= Enlisted rank =

Rank below that of a commissioned officer

An enlisted rank (also known as an enlisted grade or enlisted rate or enlisted man) is, in some armed services, any rank below that of a commissioned officer. The term can be inclusive of non-commissioned officers or warrant officers, except in United States military usage where warrant officers and chief warrant officers are a separate officer category ranking above enlisted grades and below commissioned officer grades. In most cases, enlisted service personnel perform jobs specific to their own occupational specialty, as opposed to the more generalized command responsibilities of commissioned officers.

The term "enlistment" refers solely to a military commitment (whether officer or enlisted) whereas the terms "taken on strength" and "struck off strength" refer to a service member being carried on a given unit's roll.

==Canadian Armed Forces==
In the Canadian Armed Forces, the term non-commissioned member (NCM) is used.

==North Atlantic Treaty Organization==
For the ranks used by the North Atlantic Treaty Organization, non-commissioned ranks are coded OR1–OR9 (bottom to top), OR being an abbreviation for Other Ranks.

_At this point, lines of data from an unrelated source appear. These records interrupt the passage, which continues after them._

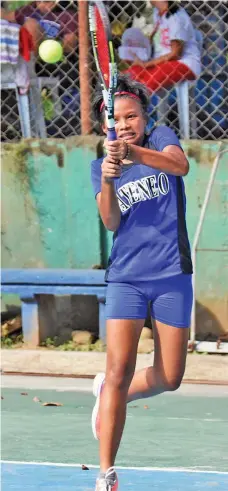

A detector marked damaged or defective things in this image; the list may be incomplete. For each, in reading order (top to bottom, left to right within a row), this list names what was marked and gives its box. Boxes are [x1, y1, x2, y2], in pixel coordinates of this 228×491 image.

wall with peeling paint [0, 136, 227, 340]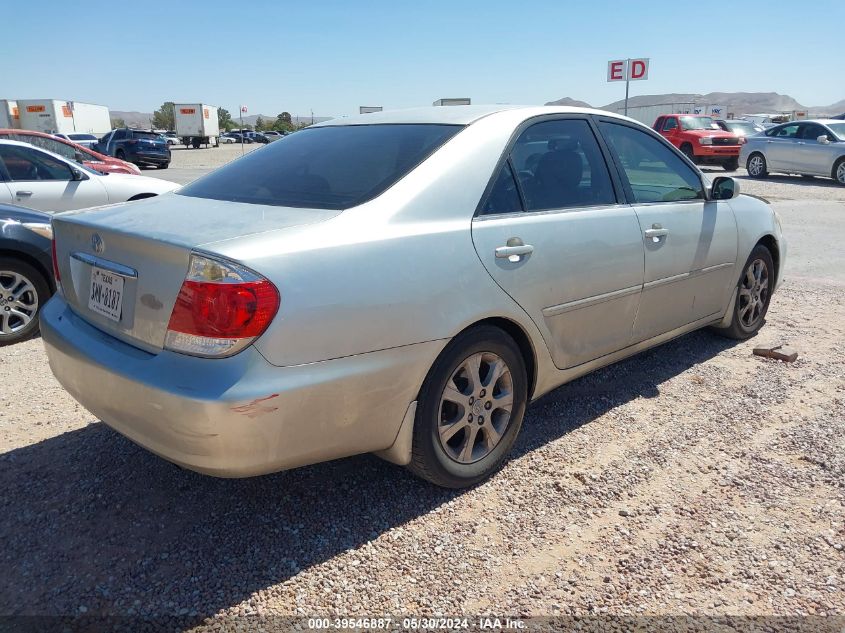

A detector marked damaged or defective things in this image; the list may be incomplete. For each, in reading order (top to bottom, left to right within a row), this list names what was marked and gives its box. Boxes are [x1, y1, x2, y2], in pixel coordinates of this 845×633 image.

dent on bumper [41, 296, 442, 474]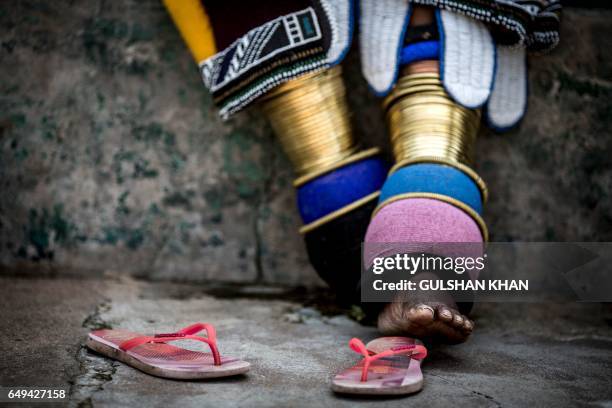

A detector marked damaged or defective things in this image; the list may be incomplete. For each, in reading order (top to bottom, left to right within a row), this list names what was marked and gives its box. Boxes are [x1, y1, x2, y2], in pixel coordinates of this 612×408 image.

cracked concrete [1, 276, 612, 406]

==U.S. Department of Defense==

The U.S. services all use the same "E-" designation for enlisted pay grades, with service-specific names applied to each (e.g., chief petty officer, master gunnery sergeant, private first class). Each branch incorporates it as part of a service member's job specialty designator. In the United States Air Force, this job specialty designator is known as an Air Force Specialty Code, in the United States Army and United States Marine Corps, a Military Occupational Specialty, and in the United States Navy and United States Coast Guard, a rating.